Yep, I agree. I vaguely alluded to this by saying "The main additional obstacle [...] is growing cognitively useful tissue in vitro."; what I have in mind is stuff like:

  • Well-organized connectivity, as you say.
  • Actually emulating 5-minute and 5-day behavior of neurons--which I would guess relies on being pretty neuron-like, including at the epigenetic level. IIUC current in vitro neural organoids are kind of shitty--epigenetically speaking they're definitely more like neurons than like hepatocytes, but they're not very close to being neurons.
  • Appropriate distribution of cell types (related to well-organized connectivity). This adds a whole additional wrinkle. Not only do you have to produce a variety of epigenetic states, but also you have to have them be assorted correctly (different regions, layers, connections, densities...). E.g. the right amount of glial cells...
Comment by TsviBT on Overview of strong human intelligence amplification methods · 2024-10-16T21:26:50.390Z · LW · GW

The experiments that have been tried in humans have been extremely conservative, aiming to fix problems in the most well-understood but least-relevant-to-intelligence areas of the brain (sensory input, motor output). [....] This is not evidence that the tech itself is actually this limited.
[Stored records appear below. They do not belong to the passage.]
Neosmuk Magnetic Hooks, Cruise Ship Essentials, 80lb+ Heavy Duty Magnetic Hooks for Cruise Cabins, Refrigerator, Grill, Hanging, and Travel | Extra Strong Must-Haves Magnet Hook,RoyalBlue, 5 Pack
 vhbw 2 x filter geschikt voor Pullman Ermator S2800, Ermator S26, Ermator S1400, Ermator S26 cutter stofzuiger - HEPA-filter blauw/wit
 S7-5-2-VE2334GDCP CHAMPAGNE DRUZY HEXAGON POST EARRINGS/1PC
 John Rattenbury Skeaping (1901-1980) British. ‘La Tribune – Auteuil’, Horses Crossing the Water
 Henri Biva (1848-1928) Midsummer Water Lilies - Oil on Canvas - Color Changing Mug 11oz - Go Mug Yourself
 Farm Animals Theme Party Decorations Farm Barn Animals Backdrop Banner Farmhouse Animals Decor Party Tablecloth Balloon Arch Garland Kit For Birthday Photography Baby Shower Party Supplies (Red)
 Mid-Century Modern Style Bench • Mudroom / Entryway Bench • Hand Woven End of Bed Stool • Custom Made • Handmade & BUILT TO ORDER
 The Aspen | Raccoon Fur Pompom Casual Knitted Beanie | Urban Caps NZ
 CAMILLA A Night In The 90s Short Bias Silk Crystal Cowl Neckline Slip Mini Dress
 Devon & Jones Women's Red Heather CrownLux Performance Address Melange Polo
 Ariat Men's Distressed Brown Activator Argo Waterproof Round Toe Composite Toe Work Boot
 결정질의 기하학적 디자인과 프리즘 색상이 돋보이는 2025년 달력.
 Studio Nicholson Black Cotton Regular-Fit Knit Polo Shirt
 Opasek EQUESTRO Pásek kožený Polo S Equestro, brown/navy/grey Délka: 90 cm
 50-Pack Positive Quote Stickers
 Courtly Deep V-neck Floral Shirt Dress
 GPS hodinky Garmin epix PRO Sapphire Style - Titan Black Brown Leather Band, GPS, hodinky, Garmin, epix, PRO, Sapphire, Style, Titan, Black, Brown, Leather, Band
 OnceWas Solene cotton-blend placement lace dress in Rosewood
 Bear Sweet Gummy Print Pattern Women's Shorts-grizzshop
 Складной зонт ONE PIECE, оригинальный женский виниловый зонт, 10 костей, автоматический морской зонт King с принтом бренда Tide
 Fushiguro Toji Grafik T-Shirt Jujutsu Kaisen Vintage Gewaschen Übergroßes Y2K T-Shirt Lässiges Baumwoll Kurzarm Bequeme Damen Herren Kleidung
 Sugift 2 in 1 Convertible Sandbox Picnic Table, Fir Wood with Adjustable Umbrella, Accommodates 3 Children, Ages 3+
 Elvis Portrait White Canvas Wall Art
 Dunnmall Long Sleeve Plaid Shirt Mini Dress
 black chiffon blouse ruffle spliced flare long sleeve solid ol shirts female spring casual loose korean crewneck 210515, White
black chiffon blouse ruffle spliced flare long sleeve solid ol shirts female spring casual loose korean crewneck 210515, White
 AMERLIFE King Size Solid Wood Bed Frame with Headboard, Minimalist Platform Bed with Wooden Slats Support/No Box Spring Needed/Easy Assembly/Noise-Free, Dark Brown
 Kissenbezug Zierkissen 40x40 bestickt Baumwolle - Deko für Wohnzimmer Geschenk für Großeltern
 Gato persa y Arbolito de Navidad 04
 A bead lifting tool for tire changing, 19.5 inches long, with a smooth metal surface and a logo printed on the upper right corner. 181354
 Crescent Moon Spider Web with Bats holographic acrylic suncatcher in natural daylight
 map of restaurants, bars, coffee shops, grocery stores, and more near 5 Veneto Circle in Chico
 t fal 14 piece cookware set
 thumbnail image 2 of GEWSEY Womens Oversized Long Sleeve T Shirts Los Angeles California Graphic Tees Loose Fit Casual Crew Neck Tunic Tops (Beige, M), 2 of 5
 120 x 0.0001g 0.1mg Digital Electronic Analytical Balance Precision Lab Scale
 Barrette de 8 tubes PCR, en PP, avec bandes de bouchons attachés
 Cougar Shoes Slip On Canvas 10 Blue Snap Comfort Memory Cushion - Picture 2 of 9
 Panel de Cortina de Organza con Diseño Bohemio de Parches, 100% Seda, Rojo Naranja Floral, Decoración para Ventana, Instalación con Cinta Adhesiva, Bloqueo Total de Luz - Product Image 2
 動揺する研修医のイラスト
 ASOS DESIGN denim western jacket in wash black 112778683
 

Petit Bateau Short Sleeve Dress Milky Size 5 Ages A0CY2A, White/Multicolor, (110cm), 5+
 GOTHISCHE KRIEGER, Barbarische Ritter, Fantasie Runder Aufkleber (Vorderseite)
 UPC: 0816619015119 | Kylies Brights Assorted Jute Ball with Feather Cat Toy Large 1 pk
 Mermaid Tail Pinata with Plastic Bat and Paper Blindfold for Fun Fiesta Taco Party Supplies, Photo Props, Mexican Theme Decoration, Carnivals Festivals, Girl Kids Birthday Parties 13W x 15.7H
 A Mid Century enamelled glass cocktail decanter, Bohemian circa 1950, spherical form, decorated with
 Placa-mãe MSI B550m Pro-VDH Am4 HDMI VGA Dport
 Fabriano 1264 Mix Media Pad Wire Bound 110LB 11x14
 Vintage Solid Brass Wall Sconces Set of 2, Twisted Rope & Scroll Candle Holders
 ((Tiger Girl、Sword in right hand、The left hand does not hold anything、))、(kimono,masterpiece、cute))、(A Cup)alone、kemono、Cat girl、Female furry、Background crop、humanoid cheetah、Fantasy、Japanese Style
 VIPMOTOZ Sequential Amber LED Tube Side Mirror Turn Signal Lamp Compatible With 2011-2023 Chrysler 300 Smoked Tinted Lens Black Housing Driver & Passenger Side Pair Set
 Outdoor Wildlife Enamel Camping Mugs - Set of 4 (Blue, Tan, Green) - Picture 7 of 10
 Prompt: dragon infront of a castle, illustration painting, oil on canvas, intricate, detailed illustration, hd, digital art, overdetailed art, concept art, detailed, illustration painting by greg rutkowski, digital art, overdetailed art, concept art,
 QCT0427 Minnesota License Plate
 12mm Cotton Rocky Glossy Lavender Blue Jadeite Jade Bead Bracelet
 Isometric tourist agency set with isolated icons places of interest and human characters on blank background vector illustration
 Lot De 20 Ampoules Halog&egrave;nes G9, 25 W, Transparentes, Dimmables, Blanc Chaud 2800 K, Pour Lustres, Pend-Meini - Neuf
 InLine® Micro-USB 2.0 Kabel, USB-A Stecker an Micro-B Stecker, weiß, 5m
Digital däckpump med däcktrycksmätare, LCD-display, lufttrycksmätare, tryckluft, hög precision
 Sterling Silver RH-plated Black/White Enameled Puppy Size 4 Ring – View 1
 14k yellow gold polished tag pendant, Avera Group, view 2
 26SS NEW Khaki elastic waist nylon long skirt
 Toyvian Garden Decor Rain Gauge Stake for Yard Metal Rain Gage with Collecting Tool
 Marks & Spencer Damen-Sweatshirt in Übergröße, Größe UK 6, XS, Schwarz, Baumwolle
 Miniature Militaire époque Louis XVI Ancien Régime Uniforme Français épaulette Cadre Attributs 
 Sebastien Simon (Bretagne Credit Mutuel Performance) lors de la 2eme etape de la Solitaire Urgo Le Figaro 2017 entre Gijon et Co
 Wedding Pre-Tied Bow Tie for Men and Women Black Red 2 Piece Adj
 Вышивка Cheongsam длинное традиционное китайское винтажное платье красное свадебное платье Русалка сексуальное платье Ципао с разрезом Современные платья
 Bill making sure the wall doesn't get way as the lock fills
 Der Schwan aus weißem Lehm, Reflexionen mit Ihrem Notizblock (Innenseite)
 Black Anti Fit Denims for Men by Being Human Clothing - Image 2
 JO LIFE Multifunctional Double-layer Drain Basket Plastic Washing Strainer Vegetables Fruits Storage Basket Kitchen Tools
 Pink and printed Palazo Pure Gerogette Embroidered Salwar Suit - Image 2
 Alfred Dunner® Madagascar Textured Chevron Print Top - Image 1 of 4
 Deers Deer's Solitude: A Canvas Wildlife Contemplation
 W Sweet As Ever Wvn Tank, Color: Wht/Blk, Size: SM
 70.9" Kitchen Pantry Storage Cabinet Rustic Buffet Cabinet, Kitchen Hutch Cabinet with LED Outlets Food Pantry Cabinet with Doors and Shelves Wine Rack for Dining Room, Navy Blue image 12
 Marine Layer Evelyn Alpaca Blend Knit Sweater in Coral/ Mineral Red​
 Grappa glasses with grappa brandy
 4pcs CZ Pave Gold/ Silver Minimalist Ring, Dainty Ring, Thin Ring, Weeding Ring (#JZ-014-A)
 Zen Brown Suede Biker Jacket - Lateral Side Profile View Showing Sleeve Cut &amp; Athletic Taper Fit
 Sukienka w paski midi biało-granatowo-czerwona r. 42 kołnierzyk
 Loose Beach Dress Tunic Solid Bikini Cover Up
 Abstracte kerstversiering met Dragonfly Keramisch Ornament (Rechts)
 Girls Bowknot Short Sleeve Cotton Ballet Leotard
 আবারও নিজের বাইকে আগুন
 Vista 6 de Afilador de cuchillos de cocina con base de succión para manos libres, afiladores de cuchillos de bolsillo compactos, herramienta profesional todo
Your characterization of the current state of research matches my impressions (though it's good to hear from someone who knows more). My reasons for thinking BCIs are weaksause have never been about that, though. The reasons are that:

  • I don't see any compelling case for anything you can do on a computer which, when you hook it up to a human brain, makes the human brain very substantially better at solving philosophical problems. I can think of lots of cool things you can do with a good BCI, and I'm sure you and others can think of lots of other cool things, but that's not answering the question. Do you see a compelling case? What is it? (To be more precise, I do see compelling cases for the few areas I mentioned: prosthetic intrabrain connectivity and networking humans. But those both seem quite difficult technically, and would plausibly be capped in their success by connection bandwidth, which is technically difficult to increase.)
  • It doesn't seem like we understand nearly as much about intelligence compared to evolution (in a weak sense of "understand", that includes stuff encoded in the human genome cloud). So stuff that we'll program in a computer will be qualitatively much less helpful for real human thinking, compared to just copying evolution's work. (If you can't see that LLMs don't think, I don't expect to make progress debating that here.)
Comment by TsviBT on Overview of strong human intelligence amplification methods · 2024-10-16T21:15:35.482Z · LW · GW

You could induce an increase in skull size by putting a special helmet on the infant that kept a slight negative air pressure outside the skull.

BTW, do not maim children in the name of X-risk reduction (or in any other name).